▸ **WORK INSTRUCTION**:
Drop the images. Copy every line below character for character.

▸ **DATA PROVIDED**:
━━━━━━

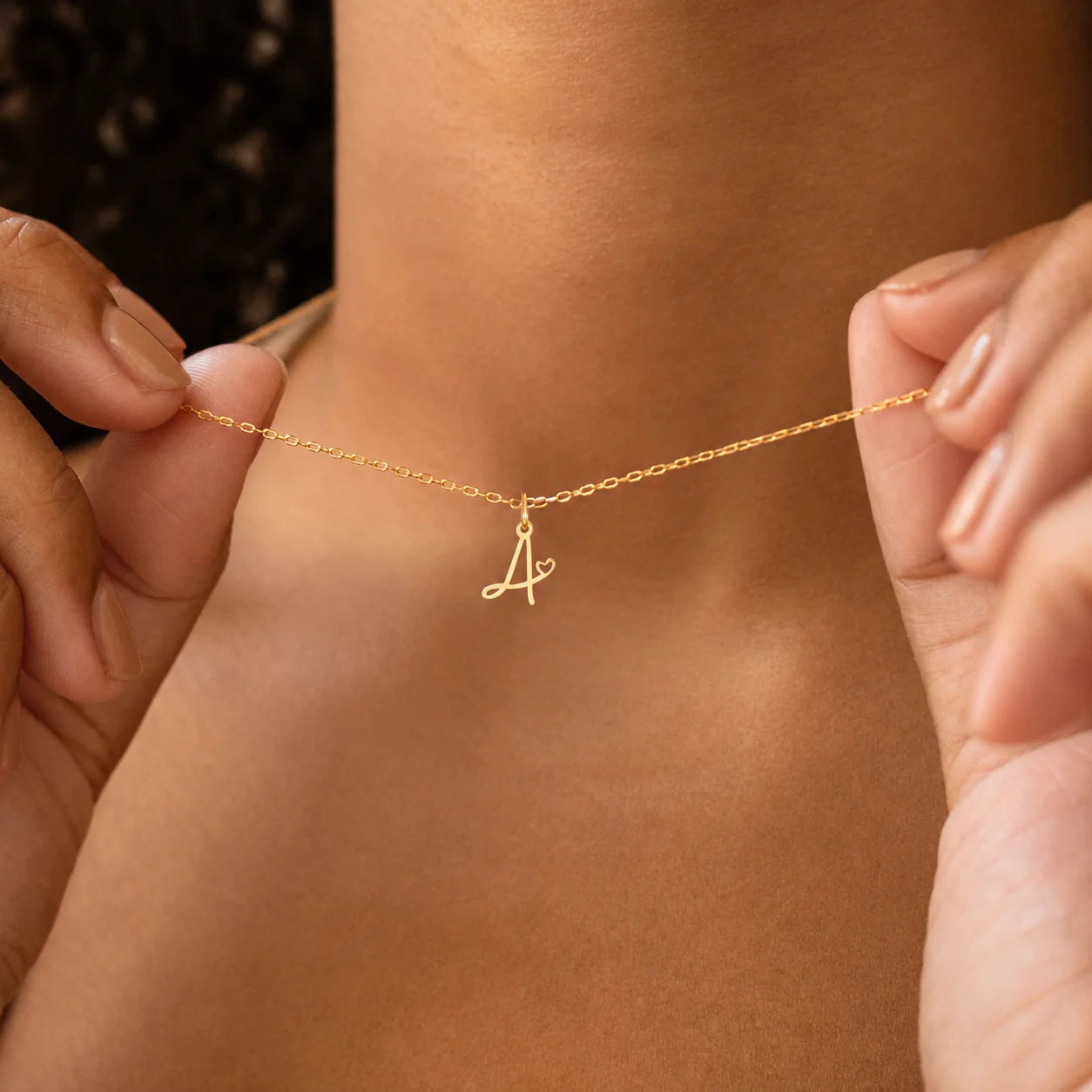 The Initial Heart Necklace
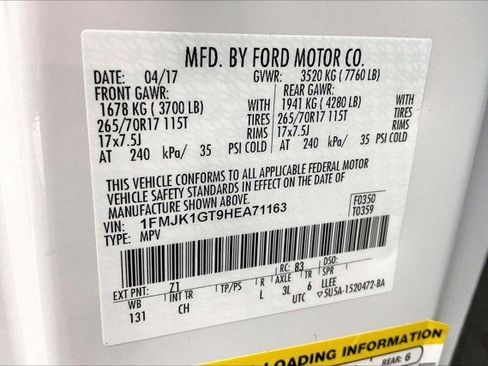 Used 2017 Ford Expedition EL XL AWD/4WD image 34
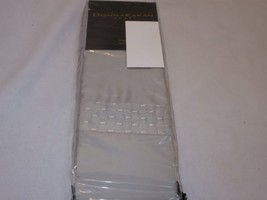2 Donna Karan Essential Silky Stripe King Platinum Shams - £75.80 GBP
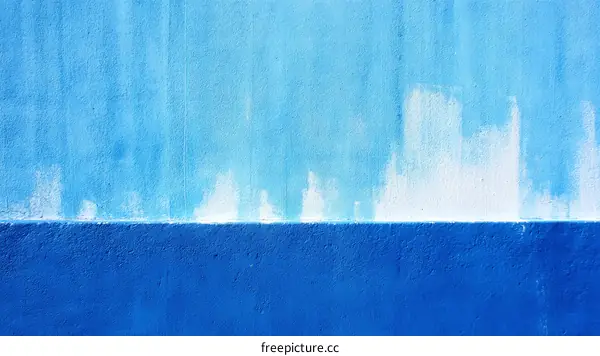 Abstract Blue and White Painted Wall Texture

━━━━━━

▸ **PROBLEM SOLUTION**:
 The Initial Heart Necklace
 Used 2017 Ford Expedition EL XL AWD/4WD image 34
2 Donna Karan Essential Silky Stripe King Platinum Shams - £75.80 GBP
 Abstract Blue and White Painted Wall Texture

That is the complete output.